Quel est donc ce mortel qu’il élève si haut ?

ÉLISE.

C’est un de ses amis ; et de plus, il ajoute

Que vous le connaissez ; qu’il ne fait aucun doute

Qu’il ne sente pour moi les transports les plus doux.

LE MARQUIS.

Je le crois aisément... Mais le connaissez-vous ?

ÉLISE.

Non : quant à sa personne, elle m’est inconnue.

LE MARQUIS.

Mais, enfin, pour qui donc vous a-t-il obtenue ?

ÉLISE.

Eh ! qu’importe ?

LE MARQUIS.

Ah ! du moins que j’en sache le nom,

ÉLISE.

Eh ! bien, c’est...

LE MARQUIS.

Achevez ; c’est ?

ÉLISE.

Un Marquis d’Ormon,

LE MARQUIS, avec vivacité.

D’Ormon !

Il se jette aux pieds d’Élise.

ÉLISE.

Mais, quel transport ! Que faut-il que j’en croie,

Saint-Clair ?

LE MARQUIS.

C’est le transport de la plus vive joie.

 

 

Scène XII

 

LE MARQUIS, D’ERVAL, ÉLISE, MADAME ARGANTE

 

LE MARQUIS, embrassant d’Erval.

Que ne vous dois-je pas !

D’ERVAL.

Vous me faites honneur.

LE MARQUIS.

L’amour peut-il jamais acquitter son bonheur.

À Madame Argante.

Ah ! je suis trop heureux : c’est moi qu’elle refuse,

Demandez à d’Erval ?

MADAME ARGANTE.

Quoi donc ?

LE MARQUIS.

Il vous abuse ;

Nous nous aimons.

MADAME ARGANTE.

Comment ?

LE MARQUIS.

Oui, Madame, apprenez...

MADAME ARGANTE.

Eh ! bien, quoi ?

LE MARQUIS.

Que c’est moi que vous lui destinez.

À d’Erval.

Parlez donc.

D’ERVAL.

Le moyen !

LE MARQUIS.

Mon bonheur est extrême,

Et je n’avais ici de rival que moi-même.

ÉLISE.

Qu’entends-je ?

LE MARQUIS.

Chère Élise, excusez ce détour ;

Vous saurez tout : il est l’ouvrage de l’amour.

MADAME ARGANTE.

Mais, mon pauvre Saint-Clair, quel est donc ce vertige ?

D’ERVAL.

Il n’est plus de Saint-Clair.

MADAME ARGANTE.

À l’autre !

D’ERVAL.

Eh ! non, vous dis-je.

MADAME ARGANTE.

Ce n’est plus là Saint-Clair ?

D’ERVAL.

Ce n’est plus là son nom ;

Et vous voyez en lui...

MADAME ARGANTE.

Qui ?

D’ERVAL.

Le Marquis d’Ormon.

LE MARQUIS.

Il est vrai, je le suis.

ÉLISE et MADAME ARGANTE.

Vous ?

LE MARQUIS, à Élise.

Mon amour extrême,

Ne voulait vous devoir qu’à vous, et qu’à lui-même,

MADAME ARGANTE.

Contez-moi donc ?

D’ERVAL.

Tantôt.

MADAME ARGANTE.

Fort bien, je comprends tout.

À Élise.

Et le Couvent est-il encor de votre goût ?

LE MARQUIS, à Élise.

Me pardonnerez-vous cet heureux stratagème ?
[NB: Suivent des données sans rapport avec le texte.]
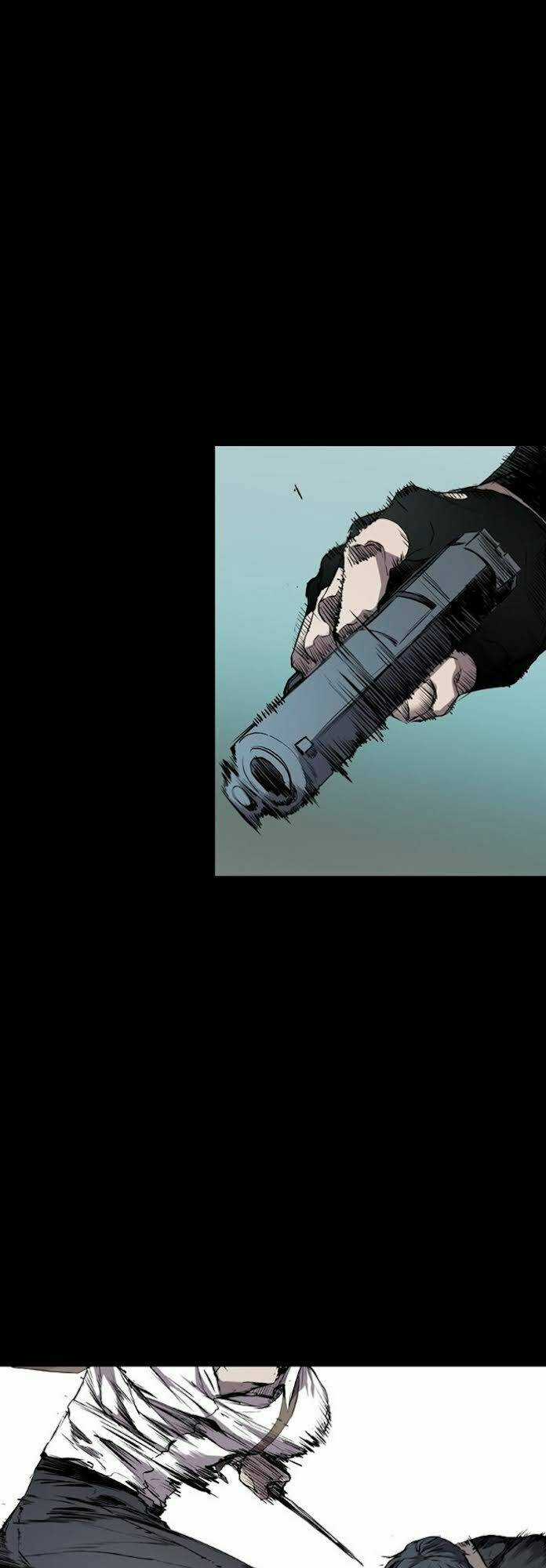 Báo Thù Chapter 101 trang 63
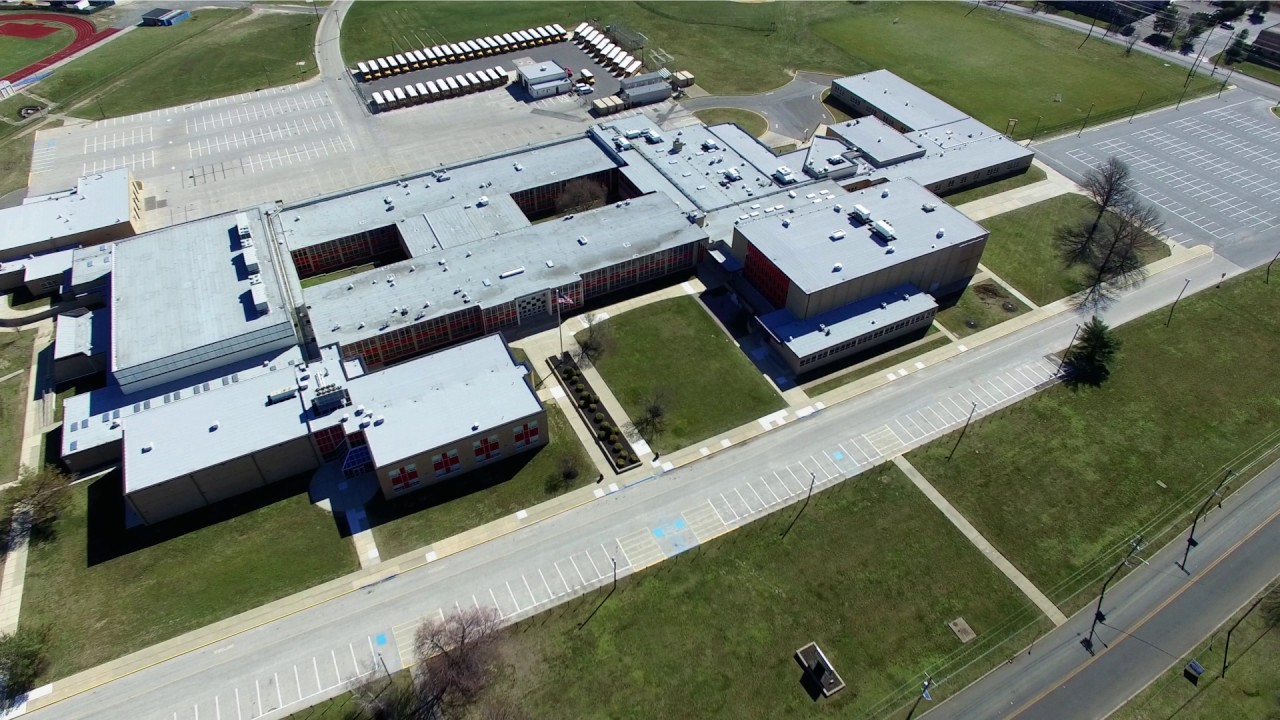 Jottan - Pennsauken High School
ÉLISE, lui donnant la main.

Soyez toujours Saint-Clair ; vous savez si je l’aime :

Le Marquis ne m’est rien que par rapport à lui.

MADAME ARGANTE.

Sans doute, et tous nos vœux sont comblés aujourd’hui.

Mais déjà, pour le bal, on s’assemble, on s’apprête.

J’avais bien à propos préparé cette fête.

Que l’on commence ; allons, qu’on n’entende en ce jour

Parler que de gaité, de plaisir, et d’amour.